Biden Signs Temporary Spending Bill to Avert Midnight Shutdown

Biden Signs Temporary Spending Bill to Avert Midnight Shutdown

Biden at the APEC summit in San Francisco
By Yuval Rosenberg and Michael Rainey
Friday, November 17, 2023

Biden Signs Spending Bill to Avert Midnight Shutdown

Happy Friday! We’ve spent the day scouring the interwebs and other sources for important fiscal news. We can tell you, for example, that President Joe Biden late last night signed into law H.R. 6363, continuing resolution passed by the House and Senate on a bipartisan basis to avert a shutdown at midnight tonight by extending federal funding through January 19 for some parts of the government and through February 2 for other parts. Biden reportedly signed the bill at the Legion of Honor Museum, where he held a dinner for members of the Asia-Pacific Economic Cooperation Forum.

Biden’s signature on the temporary spending bill pushes off additional fights over the federal budget, but only briefly — and the dual deadlines set by House Republicans create the risk of two partial government shutdowns as the House and Senate are likely to clash over differing visions for federal spending. But that confrontation may have to wait until after lawmakers deal with another fight they have set up, namely the one over the Biden administration’s $106 billion supplemental budget request, including aid to Israel and Ukraine as well as border security funding. Congress is expected to turn its attention to those issues when lawmakers return from their Thanksgiving recess.

For now, since it’s Friday night, we might suggest you do what members of the House and Senate already did earlier this week: Head home, prepare for the upcoming holiday and gear up for the final weeks of 2023 and what promises to be a dauntingly wild new year.

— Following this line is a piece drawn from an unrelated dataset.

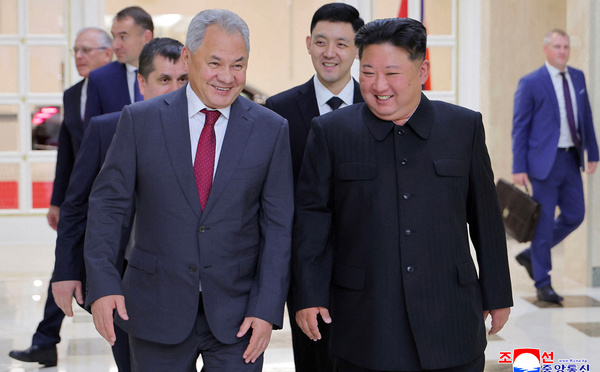 Moscou dit que Pyongyang va envoyer des militaires pour reconstruire la région russe de Koursk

Enjoy the weekend! We’ll be back in your inbox on Monday!

Quote of the Week

“It is so much work that goes into preparing these things — really weeks of prep when they’re threatening it — and then most of it is just wasted work that needs to be thrown out anyway.”

Jennifer Pahlka, deputy chief technology officer under the Obama administration, quoted in The Washington Post in an article looking at how disruptive and problematic the threat of government shutdowns can be even as some federal workers have grown numb to what the article says “is widely described as the stupidity of the nation’s budget process.”